Clearly, the researchers involved with the study appear to think that if you want to hurt someone, it’s best to hit them where it hurts the most — in their wallet.
Unfortunately for these same researchers, the majority of the population appears unable to feel their wallets from underneath their excess body mass.
For starters, the proposed tax would only apply to sugary sodas and not their diet beverage counterparts. Meaning, the soda tax would not include all sodas, but only the sodas that are bad for you. This sounds logical up until the point that it’s revealed that the study only focused on sugary sodas; diet sodas could very well be nearly as bad as their full-bodied alternatives. Thus, a sugary soda tax encourages families to stock up on diet sodas, which may turn out to be just marginally better. It doesn’t seem that the effort put into the tax would justify the minimal benefits of the switch from regular to diet.
Also, it doesn’t appear that the price of soda itself will have so great of an impact on the demand anyway — sales seem to be doing fine on campus despite the fact that soda prices fluctuate between the various retail locations and vending machines on campus.
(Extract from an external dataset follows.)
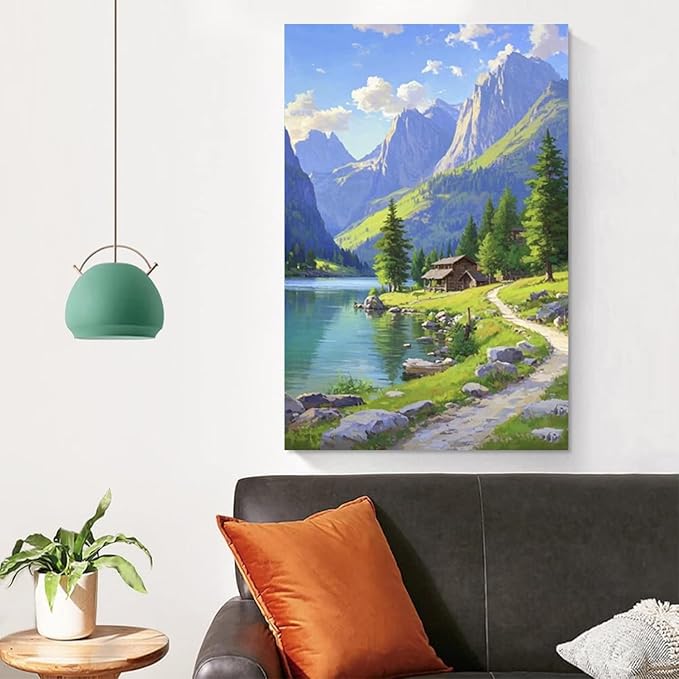 Landscape wall painting of mountain forest lakeside cabin under blue sky and white clouds natural oil painting poster suitable for living room bedroom office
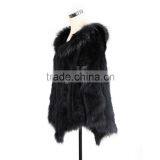 QD0807 Woman Knitted Rabbit Fur Poncho With Raccoon Fur Trim and Bigger Hood thumbnail-2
In a land of excess that features $6 cups of coffee, $40 a day parking and $1,500 portable Facebook machines, the increased price of soda would come as an afterthought.
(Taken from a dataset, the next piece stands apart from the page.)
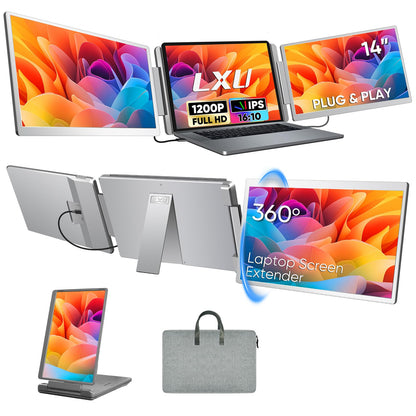 15.6" Laptop Screen Extender, FHD 1080P IPS Portable Monitor for Laptops 12~18.5 inch, Triple Screen Laptop Monitor Extender Display, Plug & Play with USB-C HDMI for Windows/MacBook/PS5/Switch/PS4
Overall, it seems that in the realm of indulgence, the well-intentioned message of measures such as the proposed soda tax falls on deaf ears.
An alcohol tax has done little to curb the sale of 30-packs of beer used to furnish fraternity beer pong leagues across The Row, much in the same way a food tax has yet to yield the consumption of Chanos’ heaping plate of carne asada fries on any given Thursday night. And this comes despite the fact that at 8.25 percent, California carries the highest state sales tax in the country. Furthermore, the law that prevents drivers from using their cell phones while driving is seen as more of an inconvenience than, say, a practical way to curb the number of driving fatalities.
Why then, is it safe for anyone to assume that a soda tax would have any better of a chance at success?
Maybe the real issue is that the government is getting fat off the taxes from the vices we’ve turned to in order to cope with the various stressors in life. If that’s the case, we have no room to gripe, as we’ve only eaten ourselves into a monetary hole.
Regardless, attempts to help guide the nutritional decisions of the American public through higher soda taxes seem to be pointless, fizzling out and falling flat.
Soojin Yoon is junior majoring in public relations. His column, “Boy Meets Word,” runs Thursdays.